The objective of the present exploratory study was to determine whether follicles that develop in heifers during treatment with intrauterine infusions of E. coli endotoxin had altered LH binding capacities.

Materials and Methods

Four Holstein heifers aged 13-15 months, weighing between 304-362 Kg were used. They were housed in stanchions at the Charmany Instructional Facility of the School of Veterinary Medicine, fed three times daily with alfalfa hay and had free access to water.
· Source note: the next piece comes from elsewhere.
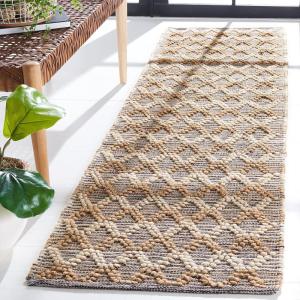 SAFAVIEH Area Rug 8×10 – Natural Fiber Collection – Large – Natural & Black, Handmade Flat Weave Jute, Farmhouse Geometric Design, Ideal for Living Room, Bedroom, Dining Space (NF382A)(Natural/Black)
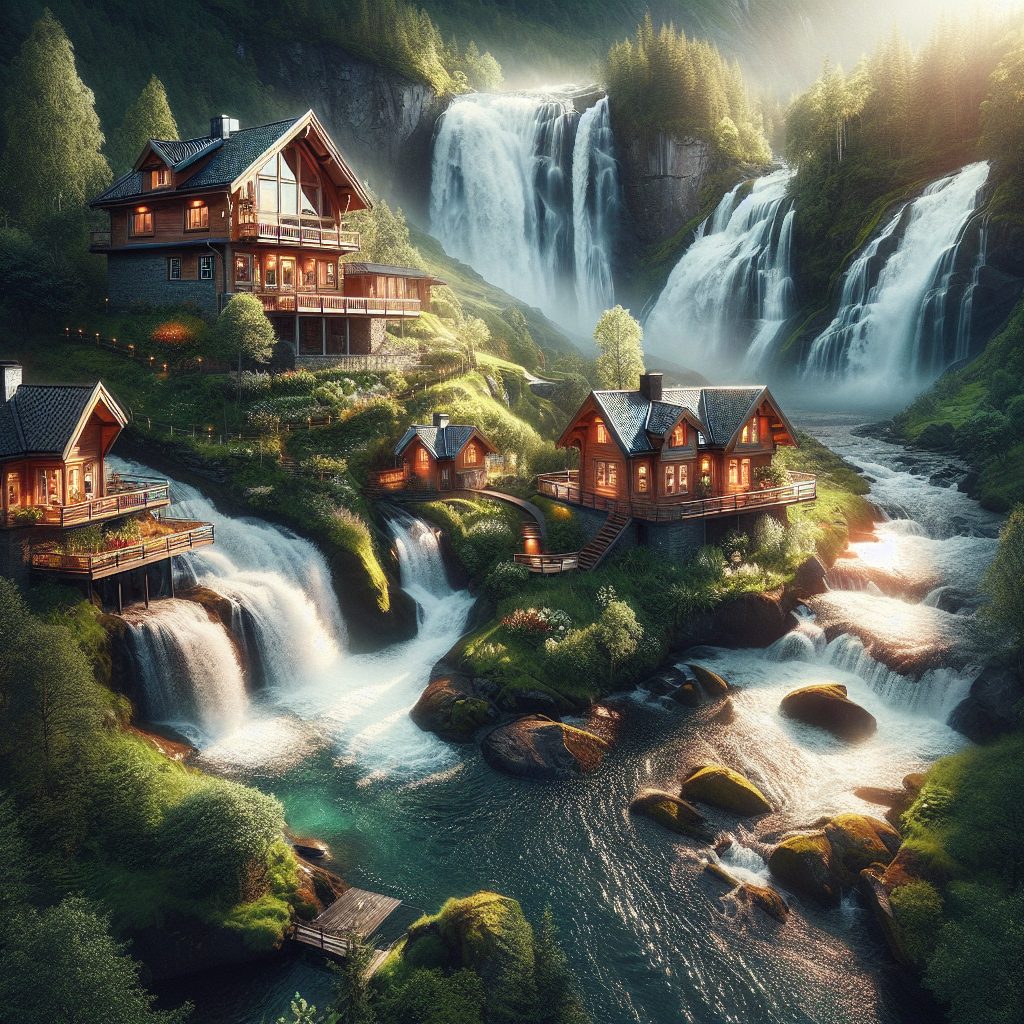 Norway Cascade Villas Near Flowing Waterfalls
After a 30 day adaptation period, each heifer was subjected to a detailed reproductive system examination in the facility: this included both rectal palpation and ultrasonography of the reproductive tract followed by collection of endometrial swabs for bacteriologic culture. All heifers were free of uterine infections and metabolic disorders at the start of the study. Regarding the "reproductive status" of the females, all heifers were virgins and cycling before the hormonal and endotoxin treatments begun.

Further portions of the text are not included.